- Catcher
- Born: November 3, 1884 Springfield, Ohio, US
- Died: January 31, 1966 (aged 81) Springfield, Ohio, US
- Batted: RightThrew: Right

MLB debut
- May 29, 1908, for the Boston Red Sox

Last MLB appearance
- September 5, 1910, for the Philadelphia Athletics

MLB statistics
- Batting average: .211
- Home runs: 3
- Runs batted in: 35
- Stats at Baseball Reference

Teams
- Boston Red Sox (1908–1910); Philadelphia Athletics (1910); Cleveland Naps (1910);

= Pat Donahue =

American baseball player (1884–1966)

Patrick William Donahue (November 3, 1884 – January 31, 1966) was an American professional baseball player who was a catcher in Major League Baseball (MLB) for the Boston Red Sox, Philadelphia Athletics and the Cleveland Naps.
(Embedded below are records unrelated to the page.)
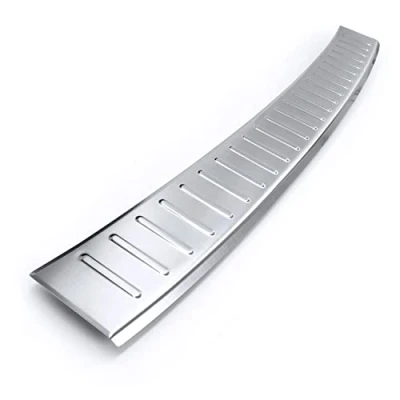 Abbildung von tuning art BL901 Ladekantenschutz mit Abkantung passend für VW Passat B6 3C Variant 2005 2010, Farbe:Silber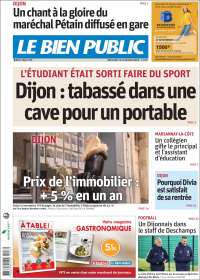 Portada de Le Bien Public (Francia)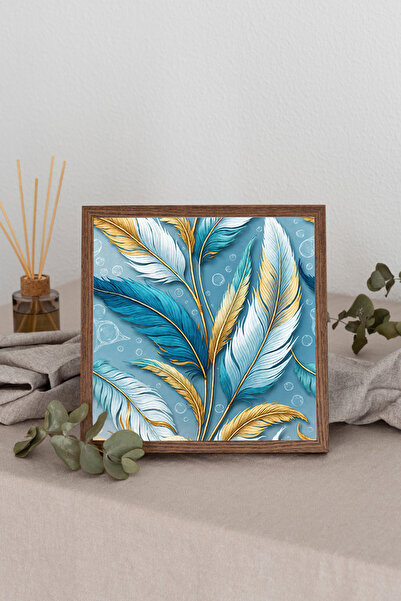 Dekorsiahome Τετράγωνος πίνακας με ξύλινο πλαίσιο TK3318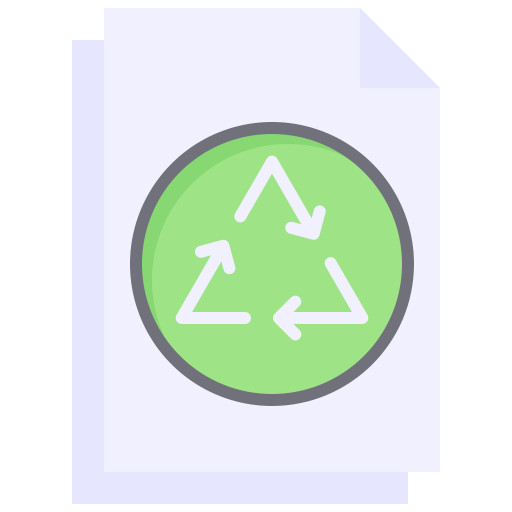 reciclaje de papel Generic color fill icono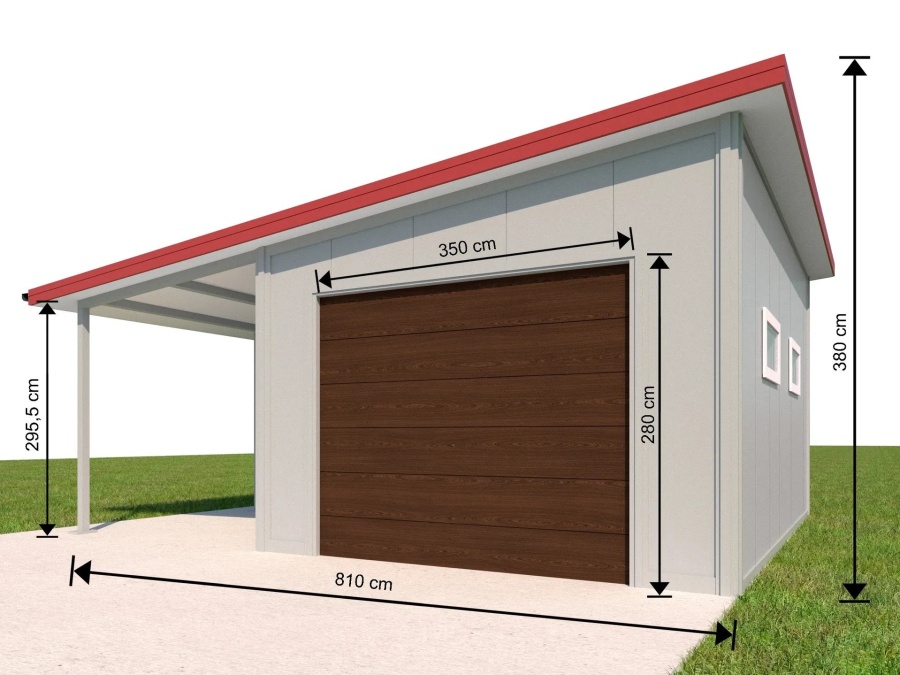 Иконка Гараж один авто с навесом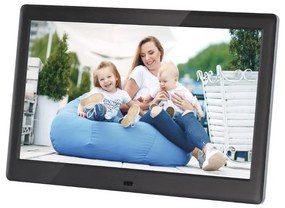 Sencor - Cornice digitale con altoparlante 230V nera + telecomando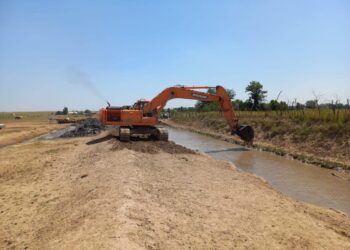 ТҮРКІСТАН: КЕЛЕСТЕ КАНАЛДАР МЕХАНИКАЛЫҚ ТАЗАЛАУДАН ӨТКІЗІЛІП ЖАТЫР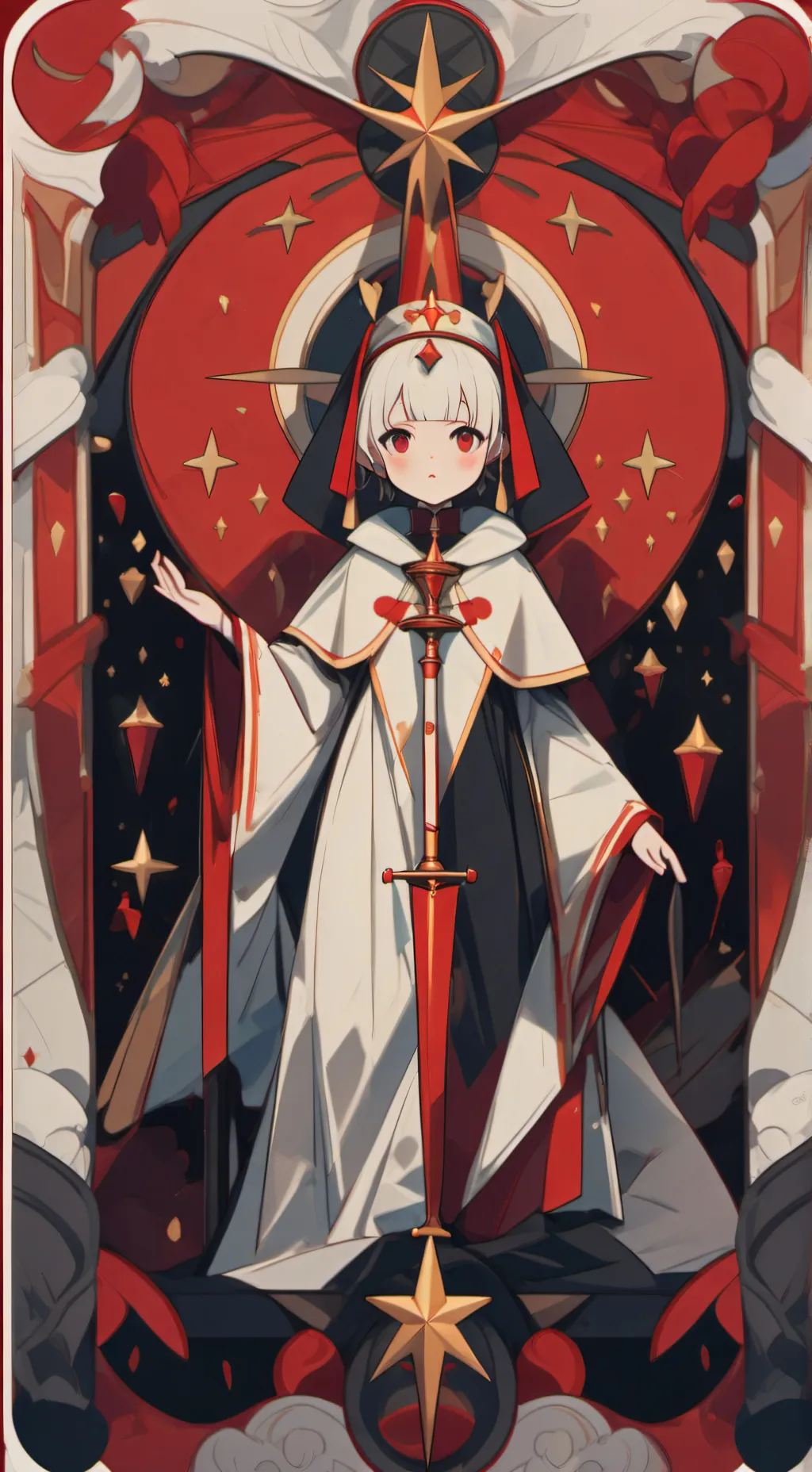 ai character: sking background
Donahue started playing professional baseball in 1902 in Minor League Baseball when he was only 17. He played as a catcher and first baseman. In the three years he played major-league baseball, he hit three home runs in a total of 119 games. His brother, also a major-league baseball player, was Jiggs Donahue.

==Trades==
- June 10, 1910: Purchased by the Athletics from the Red Sox.
- Traded from the Athletics to the Naps and back to the Athletics in 1910.